§ **Instructions for the task**:
Restate, exactly as written, the entries below from the line that holds "HECO Chinese Acetate" through the line that holds "Dziecko rysujące na kartce 03". Pictures are not part of the copy.

++++ Material for this exercise

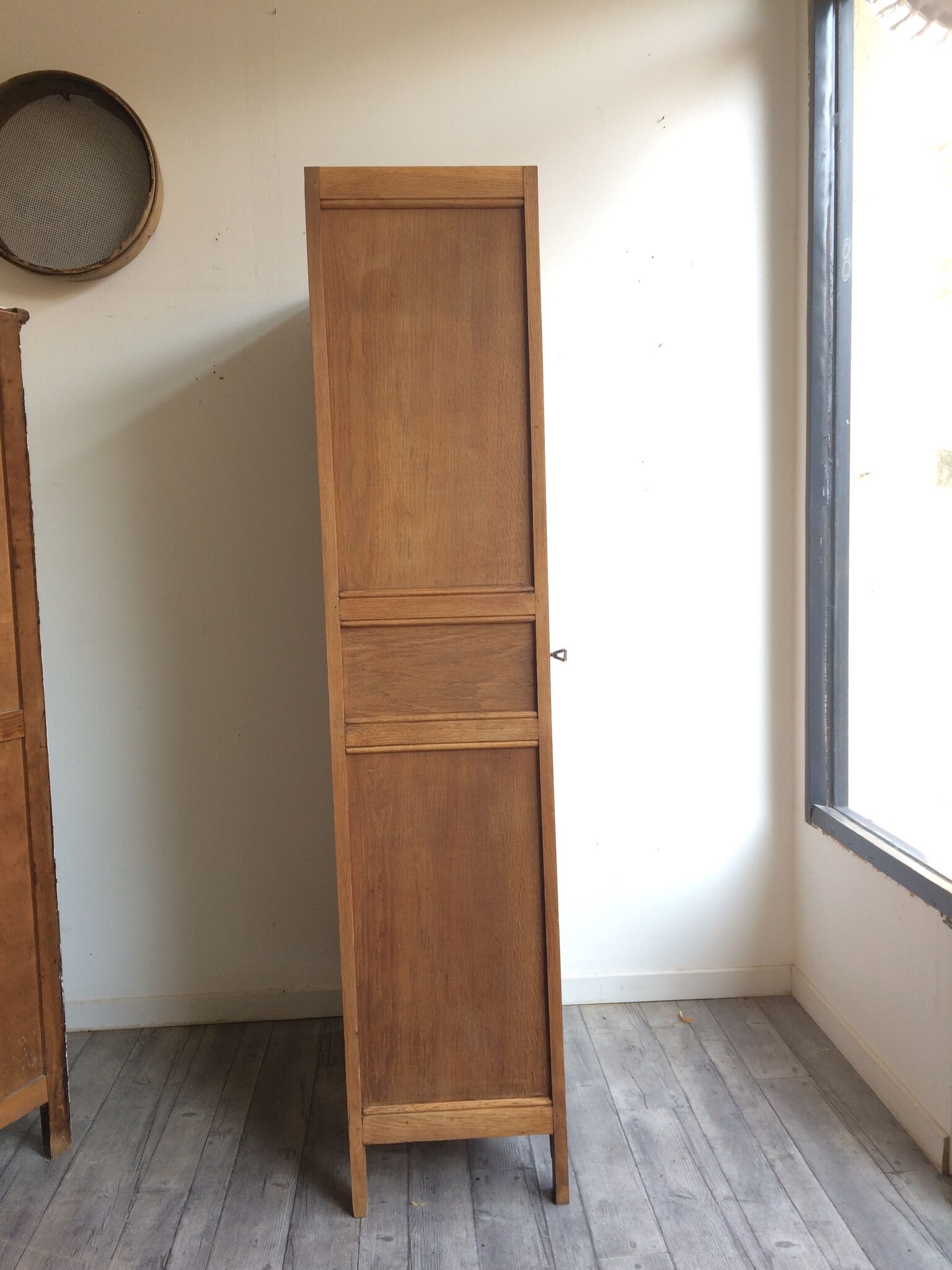 Art Deco glass cabinet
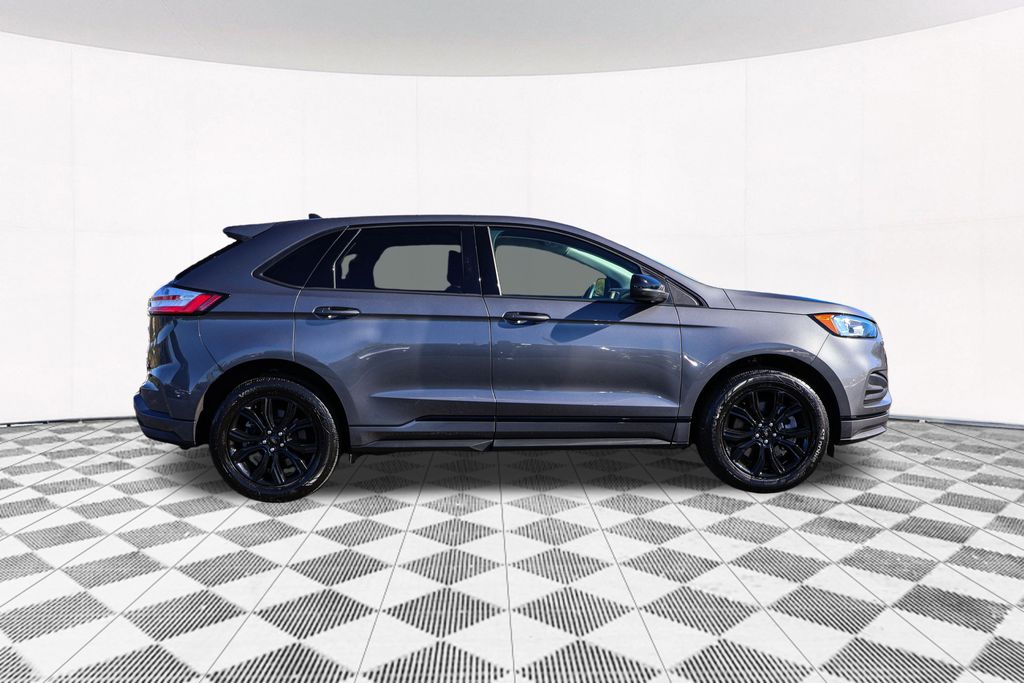 2022 Ford Edge SE 7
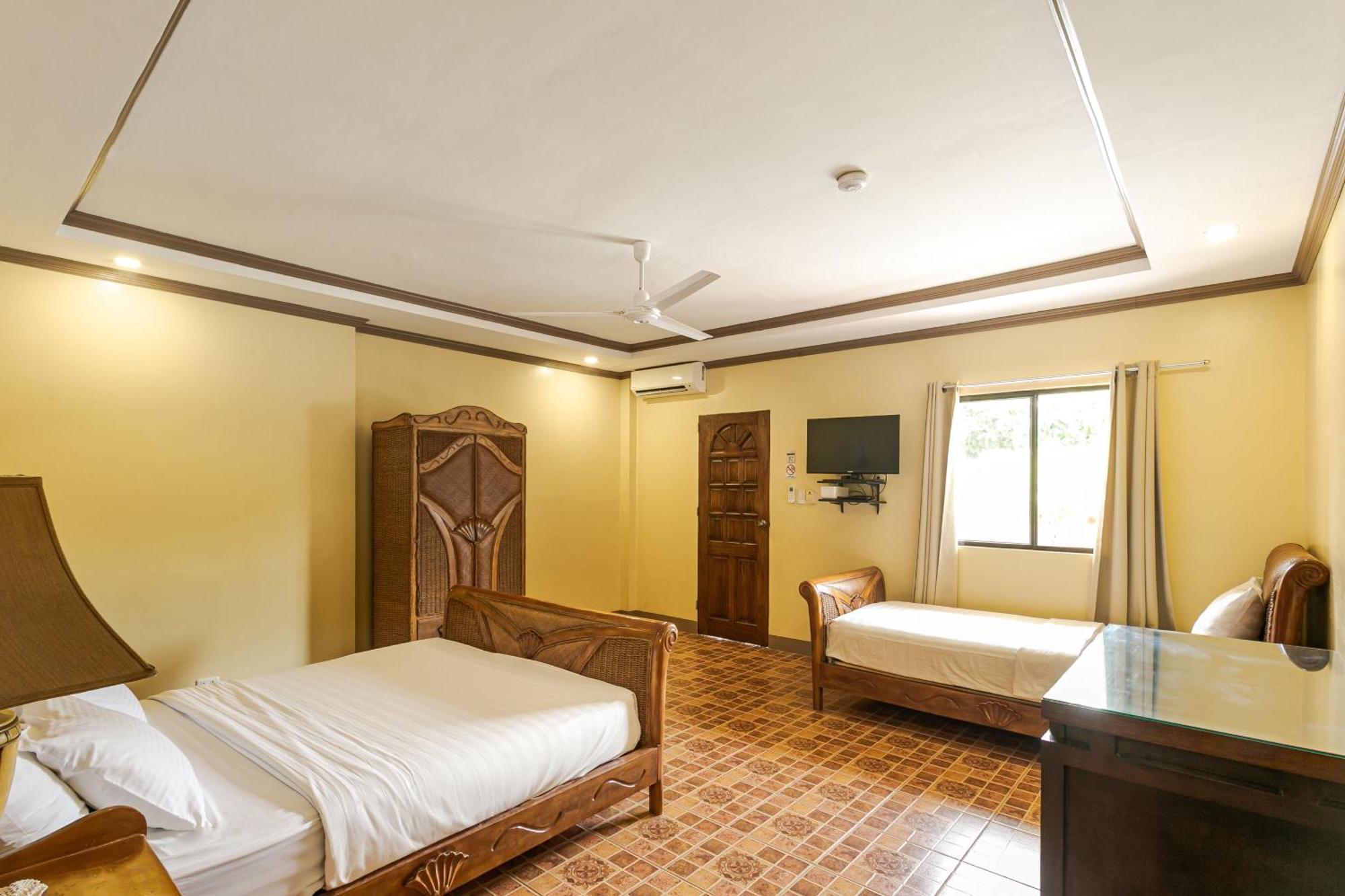 Turtle Bay Dive Resort Moalboal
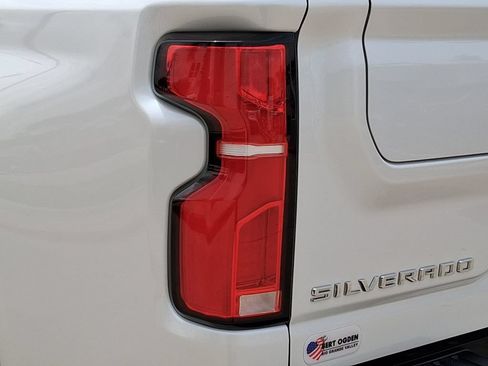 Used 2025 Chevrolet Silverado 2500 High Country w/ Technology Package AWD/4WD image 10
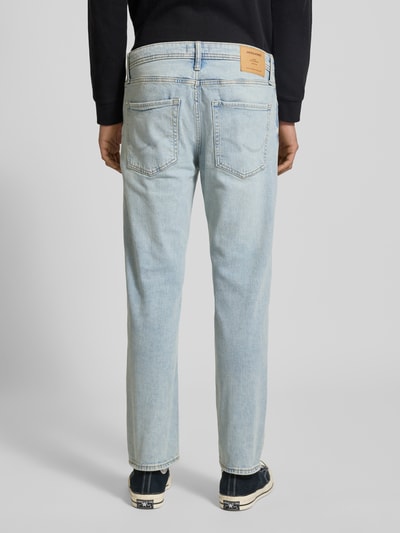 Männermodel trägt lichte rechte Straight Fit Jeans aus mix van katoen en elastaan, 5-pocketmodel, JACK & JONES, model 'CLARK ORIGINAL', ganzkörperansicht rückansicht.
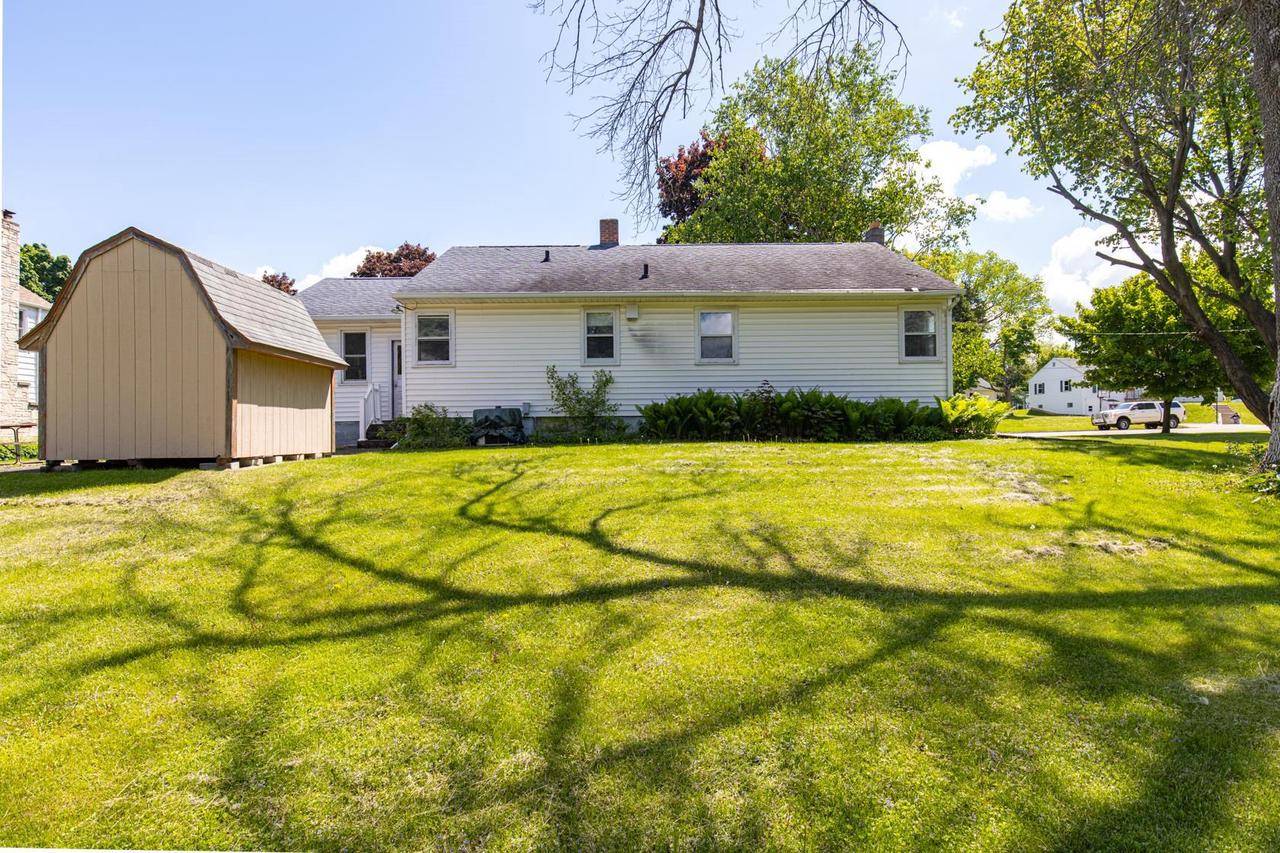 Ripon, WI 54971,922 WOODSIDE AVENUE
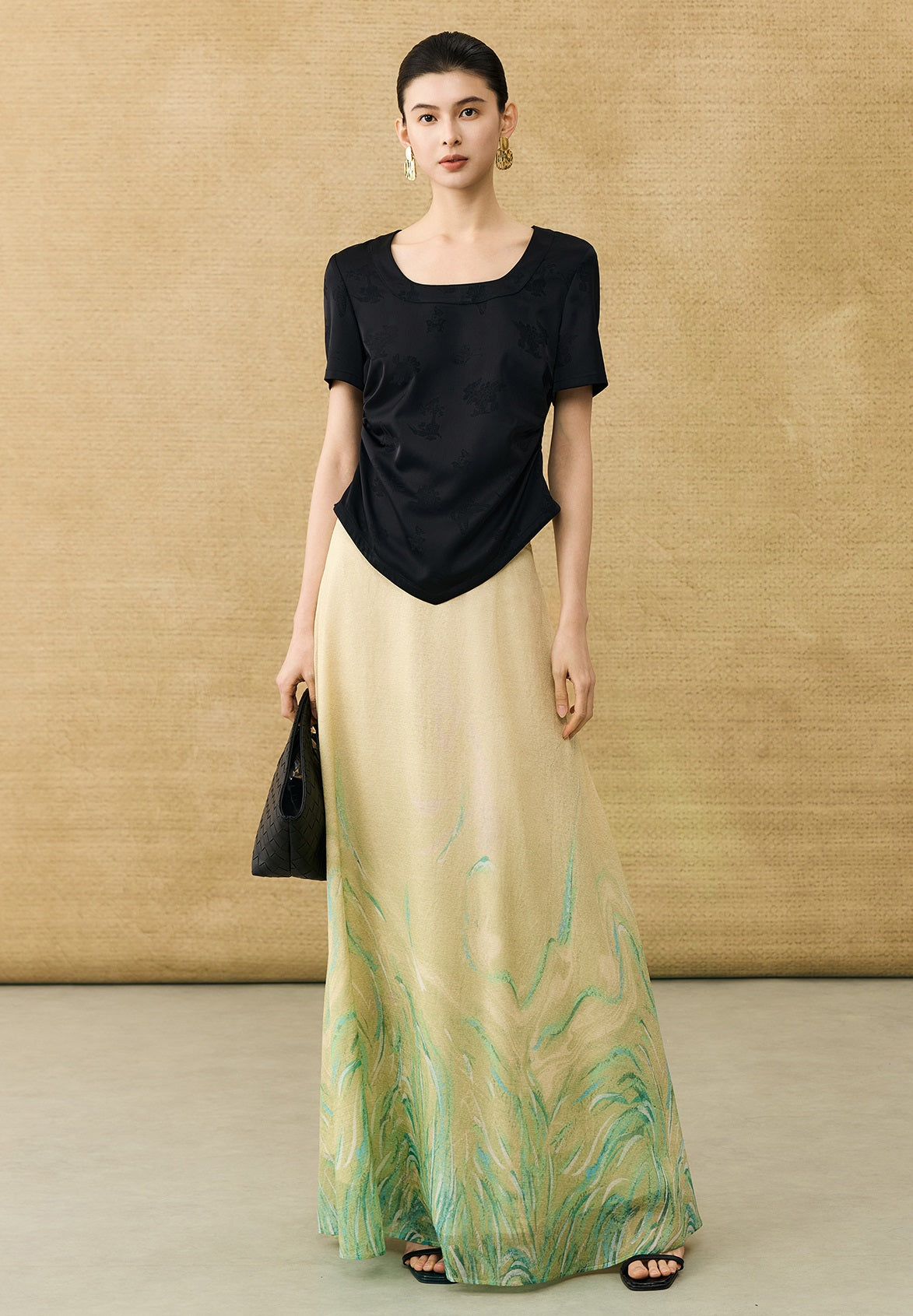 HECO Chinese Acetate Small Square Neck Short Sleeve Top- BEAK.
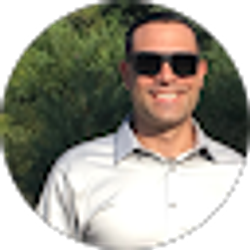 Profile photo of Garrett Bloom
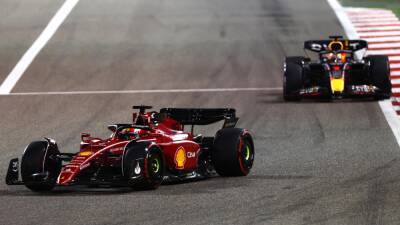 Max Verstappen - Sergio Perez - Charles Leclerc - Carlos Sainz - Red Bull driver Max Verstappen complains of’ ‘engine breaking’ in early Bahrain Grand Prix racing - eurosport.com - Monaco - Bahrain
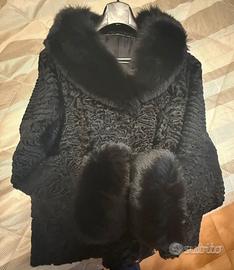 Giacca astracan e volpe nera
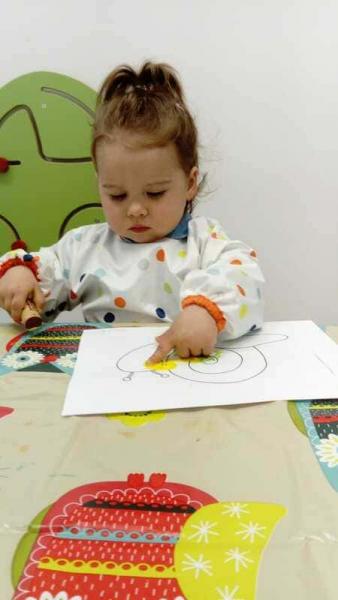 Dziecko rysujące na kartce 03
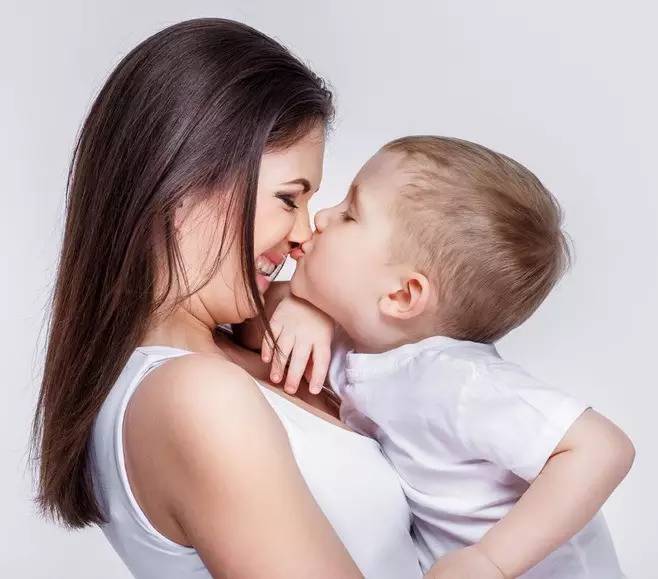 孩子，你可能不记得我曾这样爱过你……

++++++++

§ **Result of the task**:
 HECO Chinese Acetate Small Square Neck Short Sleeve Top- BEAK.
 Profile photo of Garrett Bloom
 Max Verstappen - Sergio Perez - Charles Leclerc - Carlos Sainz - Red Bull driver Max Verstappen complains of’ ‘engine breaking’ in early Bahrain Grand Prix racing - eurosport.com - Monaco - Bahrain
 Giacca astracan e volpe nera
 Dziecko rysujące na kartce 03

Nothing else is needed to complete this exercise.